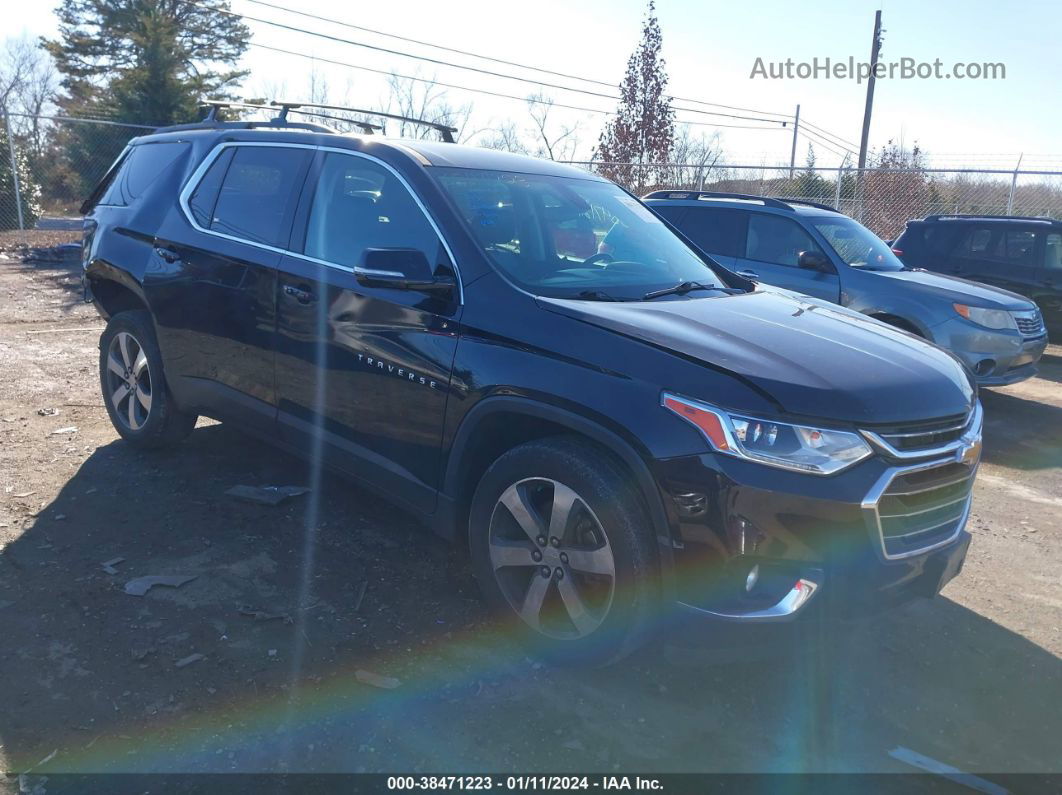 2020 Chevrolet Traverse Awd Lt Leather Dark Blue vin: 1GNEVHKW5LJ106912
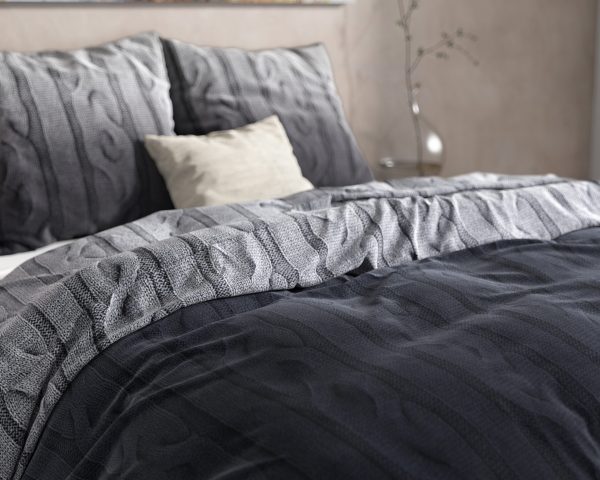 Dreamhouse DH Flanel Dante Antraciet 140 x 220 cm - Afbeelding 4
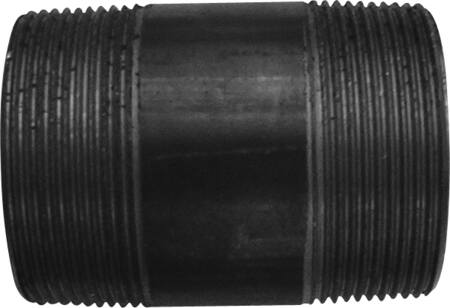 Nippelrør Sort 3/4X300 - Billigelogvvs.dk - 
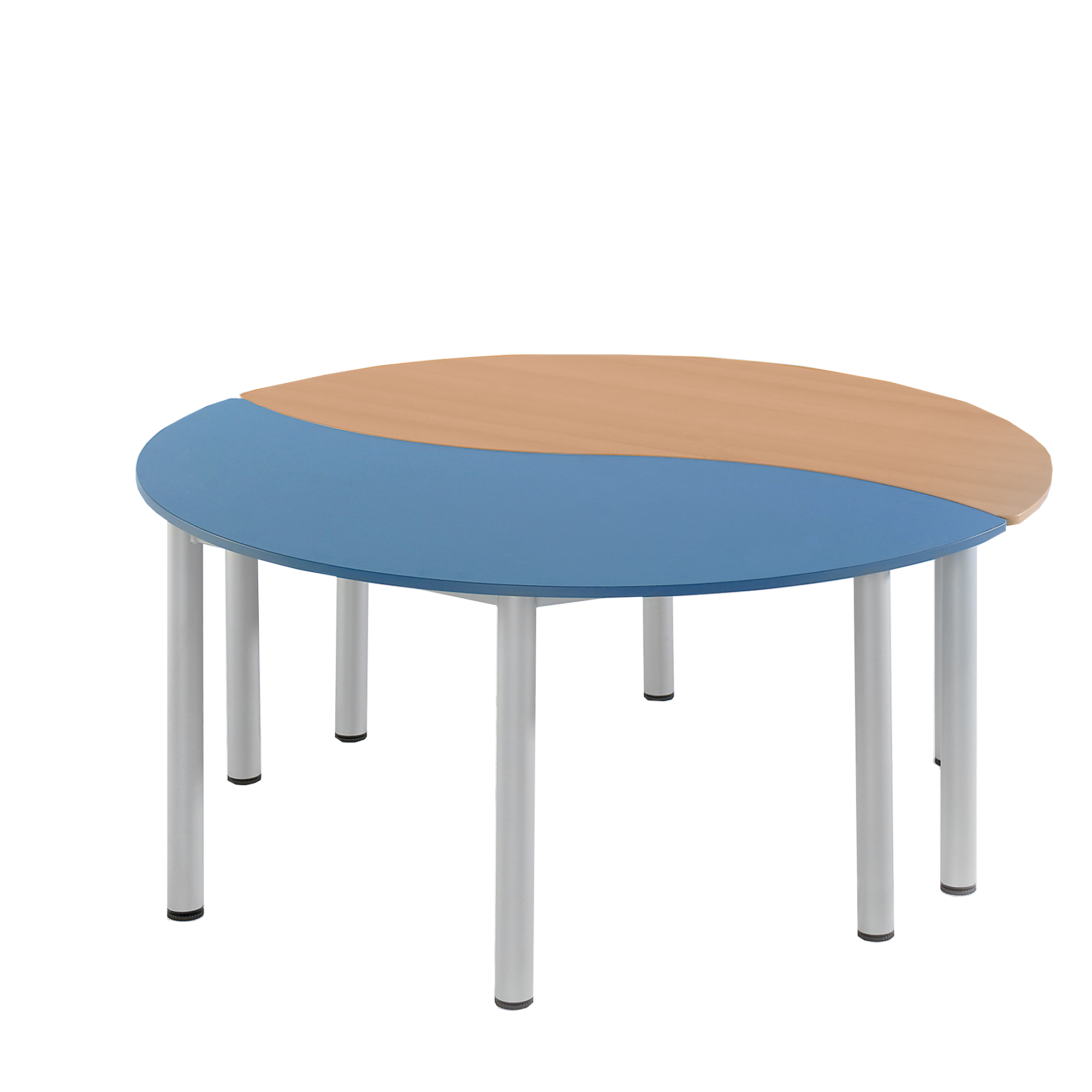 "SoooRounD" Basic II halfronde tafel, in hoogte verstelbaar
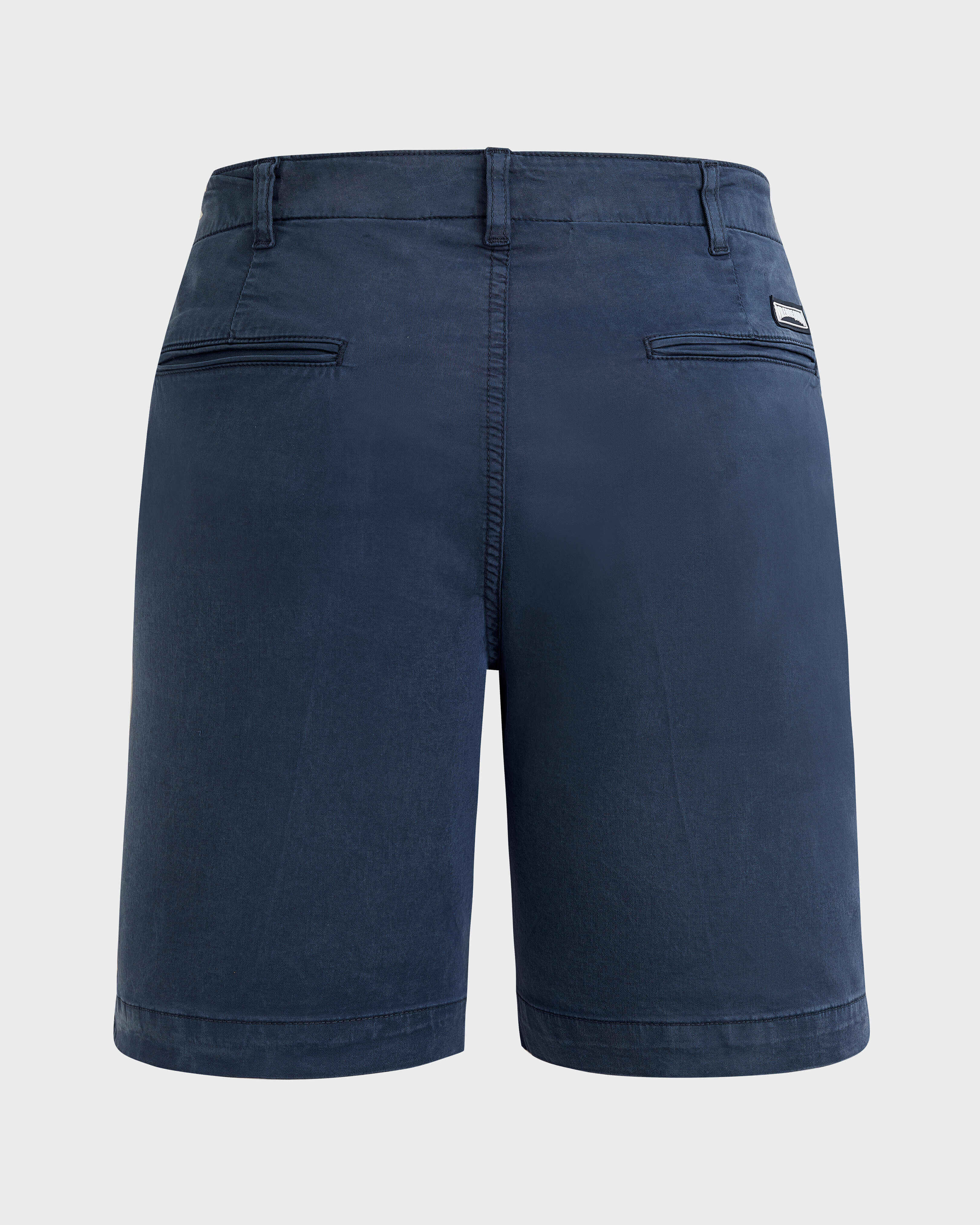 Solid Bermudashorts aus Tencel-Satin für Herren MARINEBLAU back view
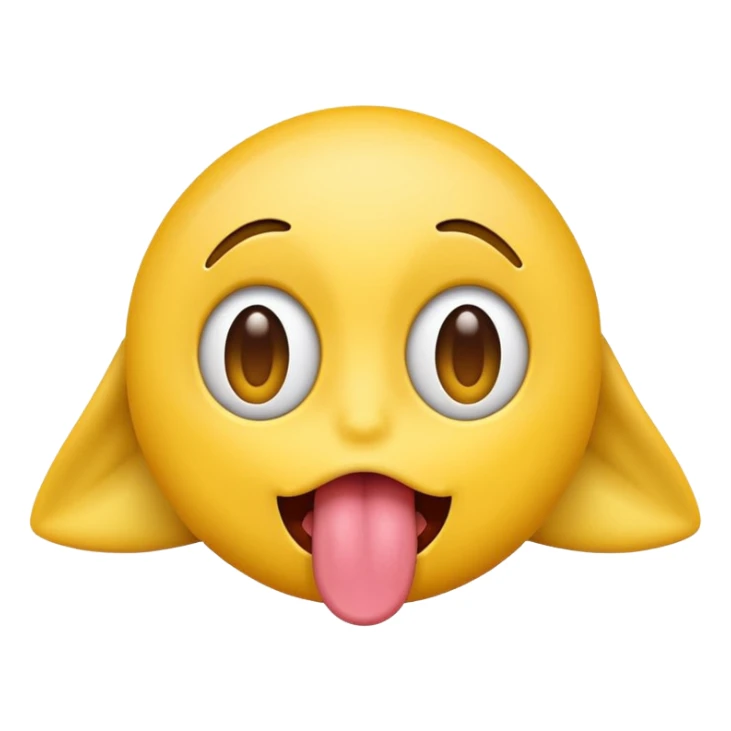 emoji with eyes rolled back and tongue out sticker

..........

Task. Starting at the line that contains "Solid Bermudashorts aus", reproduce every line through the last one in the records exactly, and omit all pictures.

Result for this task.
 Solid Bermudashorts aus Tencel-Satin für Herren MARINEBLAU back view
 emoji with eyes rolled back and tongue out sticker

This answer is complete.